Derzeit gibt es landesweit über 35.000 freie Stellen, meldet die Nationale Agentur für Beschäftigung (ANOFM). Das Bruttoinlandsprodukt stieg 2021 um 5,9 Prozent. Die Arbeitslosenquote lag 2021 bei 5,6 Prozent und wird im Jahr 2022 voraussichtlich bei 5,4 Prozent liegen. Die Erwerbstätigenquote belief sich Ende 2021 auf 67,1 Prozent und war laut INS um 1,9 Prozentpunkte höher als 2020. Die durchschnittlichen Arbeitskosten betrugen laut Eurostat 2021 etwa 8,5 Euro pro Stunde.
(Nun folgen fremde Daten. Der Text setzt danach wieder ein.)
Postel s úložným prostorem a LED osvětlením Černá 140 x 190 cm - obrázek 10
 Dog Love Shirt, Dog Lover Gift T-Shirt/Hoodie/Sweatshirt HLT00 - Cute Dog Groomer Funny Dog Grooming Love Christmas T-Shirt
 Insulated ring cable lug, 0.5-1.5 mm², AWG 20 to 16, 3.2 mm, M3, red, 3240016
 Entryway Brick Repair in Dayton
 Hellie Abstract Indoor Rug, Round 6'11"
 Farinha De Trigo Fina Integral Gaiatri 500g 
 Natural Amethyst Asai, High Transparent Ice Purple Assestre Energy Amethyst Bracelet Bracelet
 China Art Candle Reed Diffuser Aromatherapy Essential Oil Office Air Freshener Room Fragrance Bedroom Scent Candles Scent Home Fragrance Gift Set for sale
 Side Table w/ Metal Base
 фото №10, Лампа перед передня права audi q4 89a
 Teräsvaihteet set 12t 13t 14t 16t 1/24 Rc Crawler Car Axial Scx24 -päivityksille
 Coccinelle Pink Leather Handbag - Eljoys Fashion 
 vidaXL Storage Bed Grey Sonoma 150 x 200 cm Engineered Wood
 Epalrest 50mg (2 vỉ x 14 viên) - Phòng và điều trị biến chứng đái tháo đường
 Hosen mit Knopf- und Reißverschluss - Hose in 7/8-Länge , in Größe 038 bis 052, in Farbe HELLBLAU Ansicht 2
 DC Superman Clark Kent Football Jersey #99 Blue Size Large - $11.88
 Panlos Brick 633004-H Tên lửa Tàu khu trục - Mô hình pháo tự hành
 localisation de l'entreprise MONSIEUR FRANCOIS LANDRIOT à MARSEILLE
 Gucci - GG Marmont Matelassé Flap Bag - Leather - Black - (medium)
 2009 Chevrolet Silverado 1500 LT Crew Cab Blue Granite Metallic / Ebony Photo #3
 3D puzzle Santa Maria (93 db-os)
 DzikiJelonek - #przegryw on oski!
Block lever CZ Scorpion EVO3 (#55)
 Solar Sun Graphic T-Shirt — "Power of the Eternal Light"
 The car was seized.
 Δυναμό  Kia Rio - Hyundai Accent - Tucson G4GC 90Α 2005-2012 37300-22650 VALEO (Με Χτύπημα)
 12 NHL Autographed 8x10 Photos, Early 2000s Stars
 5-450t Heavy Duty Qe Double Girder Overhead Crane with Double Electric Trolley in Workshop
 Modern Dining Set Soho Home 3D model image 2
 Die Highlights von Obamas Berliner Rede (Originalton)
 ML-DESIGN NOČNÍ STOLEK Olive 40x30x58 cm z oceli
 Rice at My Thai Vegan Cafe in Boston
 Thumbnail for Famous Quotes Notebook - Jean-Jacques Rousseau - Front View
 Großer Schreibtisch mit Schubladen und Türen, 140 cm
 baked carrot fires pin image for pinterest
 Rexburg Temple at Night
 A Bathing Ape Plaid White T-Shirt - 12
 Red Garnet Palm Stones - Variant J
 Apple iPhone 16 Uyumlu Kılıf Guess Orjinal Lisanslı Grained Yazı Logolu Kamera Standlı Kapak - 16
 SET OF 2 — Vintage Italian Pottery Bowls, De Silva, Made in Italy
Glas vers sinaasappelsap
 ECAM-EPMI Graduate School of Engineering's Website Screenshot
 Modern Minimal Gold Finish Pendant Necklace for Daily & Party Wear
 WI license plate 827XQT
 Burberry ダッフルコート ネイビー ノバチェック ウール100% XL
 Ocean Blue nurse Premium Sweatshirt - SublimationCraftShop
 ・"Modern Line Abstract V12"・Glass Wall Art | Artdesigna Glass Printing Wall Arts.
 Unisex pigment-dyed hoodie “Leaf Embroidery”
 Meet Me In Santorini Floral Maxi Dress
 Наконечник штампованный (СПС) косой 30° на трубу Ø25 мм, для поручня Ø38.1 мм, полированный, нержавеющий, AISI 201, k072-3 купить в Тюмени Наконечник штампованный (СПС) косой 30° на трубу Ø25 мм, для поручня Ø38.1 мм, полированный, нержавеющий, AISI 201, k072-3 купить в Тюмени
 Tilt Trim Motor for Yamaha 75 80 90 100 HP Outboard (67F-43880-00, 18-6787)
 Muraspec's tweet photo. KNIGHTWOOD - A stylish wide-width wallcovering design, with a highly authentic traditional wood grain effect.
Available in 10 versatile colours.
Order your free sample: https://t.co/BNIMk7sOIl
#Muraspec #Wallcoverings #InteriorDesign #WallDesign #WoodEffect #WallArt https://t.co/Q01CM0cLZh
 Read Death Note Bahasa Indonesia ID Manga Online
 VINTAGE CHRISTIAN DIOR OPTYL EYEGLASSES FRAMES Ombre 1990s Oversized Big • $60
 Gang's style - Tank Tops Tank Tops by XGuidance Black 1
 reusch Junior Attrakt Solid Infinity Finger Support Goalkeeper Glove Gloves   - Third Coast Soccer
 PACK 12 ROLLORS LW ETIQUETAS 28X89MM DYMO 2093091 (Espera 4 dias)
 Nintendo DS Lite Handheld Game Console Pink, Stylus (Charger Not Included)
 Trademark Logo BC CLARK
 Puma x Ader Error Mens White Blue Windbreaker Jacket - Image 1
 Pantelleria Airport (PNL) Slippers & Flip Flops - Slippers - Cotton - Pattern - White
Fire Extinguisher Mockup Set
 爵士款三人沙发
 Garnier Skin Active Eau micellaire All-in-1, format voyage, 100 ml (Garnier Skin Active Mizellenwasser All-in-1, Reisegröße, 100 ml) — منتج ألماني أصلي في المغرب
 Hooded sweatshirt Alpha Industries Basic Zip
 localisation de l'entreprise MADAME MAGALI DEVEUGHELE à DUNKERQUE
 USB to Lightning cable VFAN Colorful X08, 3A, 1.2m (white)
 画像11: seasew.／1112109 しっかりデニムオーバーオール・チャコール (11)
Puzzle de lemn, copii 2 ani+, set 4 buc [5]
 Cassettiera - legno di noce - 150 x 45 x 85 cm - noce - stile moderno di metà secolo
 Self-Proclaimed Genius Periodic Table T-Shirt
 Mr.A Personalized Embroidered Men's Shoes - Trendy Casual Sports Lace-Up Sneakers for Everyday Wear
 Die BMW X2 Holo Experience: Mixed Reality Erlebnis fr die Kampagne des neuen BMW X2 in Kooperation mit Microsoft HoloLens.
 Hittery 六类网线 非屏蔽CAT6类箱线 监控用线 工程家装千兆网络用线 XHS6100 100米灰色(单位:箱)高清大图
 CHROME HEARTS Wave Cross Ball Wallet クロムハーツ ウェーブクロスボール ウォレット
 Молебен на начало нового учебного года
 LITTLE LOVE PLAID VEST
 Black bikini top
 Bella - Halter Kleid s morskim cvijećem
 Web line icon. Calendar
Für viele Firmen gehört die Möglichkeit, ein bis zwei Tage im Homeoffice zu arbeiten, zum Standardangebot im Wettbewerb um neue Mitarbeiter, die zunehmend mehr Flexibilität einfordern.
Viele Unternehmen werben um die Menschen, die wegen des russischen Angriffskriegs gegen die Ukraine ihre Heimat verlassen. Arbeitgeber können ukrainische Staatsbürger für maximal zwei Jahre im Rahmen eines vereinfachten Verfahrens ohne Visum und Arbeitserlaubnis einstellen. Für eine Aufenthaltsgenehmigung reicht seit 8. März 2022 ein Arbeitsvertrag aus, wie aus der Notstandsverordnung Nr. 20 hervorgeht. Schätzungen gehen davon aus, dass sich etwa 500.000 Menschen in Rumänien niederlassen. Die Integration der Geflüchteten in die Unternehmen, die Beschulung der ukrainischen Kinder und die gegenseitigen Sprachbarrieren stellen Rumänien dennoch vor soziale und wirtschaftliche Herausforderungen.
Die Inflationsrate, die im Jahr 2022 voraussichtlich zwischen 10 und 11 Prozent liegen wird, erhöht den Druck auf die Arbeitgeber, die Löhne anzupassen. Dies gilt besonders für Unternehmen aus Branchen, die vom Mangel an Fachkräften betroffen sind, wie der IT-Industrie oder der Automobilbranche. Die Lohn- und Gehaltszuwächse im öffentlichen und privaten Sektor liegen 2022 im Schnitt bei 7,2 Prozent. Sie werden voraussichtlich 2023 rund 8 Prozent betragen, schätzt die Weltbank in einer Studie zur Armutsentwicklung von Anfang März 2022.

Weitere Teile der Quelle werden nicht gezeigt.